Under these conditions (each of which being utterly unrealistic in its own way), a 128-bit key cracking effort could be imagined.

But this is far beyond the point where the notion of "dollar" makes any sense. The dollar is a currency: a conventional representation of "values", that people give to each other under the assumption that they could convert it back to tangible objects or services as they wish. So there is no possible notion of dollar when the sum far exceeds the total worth of what can ever be bought on Earth. The Gross World Product is, as of 2011, somewhere between 60 and 80 trillions of dollars: it depends a lot on what dollar you use as basis and how you try to map that on "purchase power". The point is that there is no meaningful notion of dollar beyond about $8*10^{13}$.

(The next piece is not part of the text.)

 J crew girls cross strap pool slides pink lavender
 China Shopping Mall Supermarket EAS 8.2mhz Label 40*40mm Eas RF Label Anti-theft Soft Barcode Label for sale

If you follow @mikeazo argument (450\$ of energy consumption per machine and per year, where one machine can try about $3.2*10^{21}$ keys per year), then the GWD, converted entirely in energy, would allow for $2.5*10^{35}$ keys to be tried, i.e. a space of 118 bits or so. A 128-bit key space is 1024 times harder than that. Also, this assumes that everything produced on Earth can be reduced to energy with the same efficiency than the most competitive coal plants, which is a bit optimistic because GWD includes a lot of things which are not energy-convertible, such as artistic creations: how exactly would you make electricity out of, say, a song ? Moreover, all the energy invested in the computation becomes, ultimately, heat, so there could be some climatic consequences, as in "the Earth is cooked".

To sum up: even if you use all the dollars in the World (including the dollars which do not exist, such as accumulated debts) and fry the whole planet in the process, you can barely do 1/1000th of an exhaustive key search on 128-bit keys. So this will not happen. And a 256-bit key search is about 340 billions of billions of billions of billions times harder than a 128-bit key search, so don't even think about it.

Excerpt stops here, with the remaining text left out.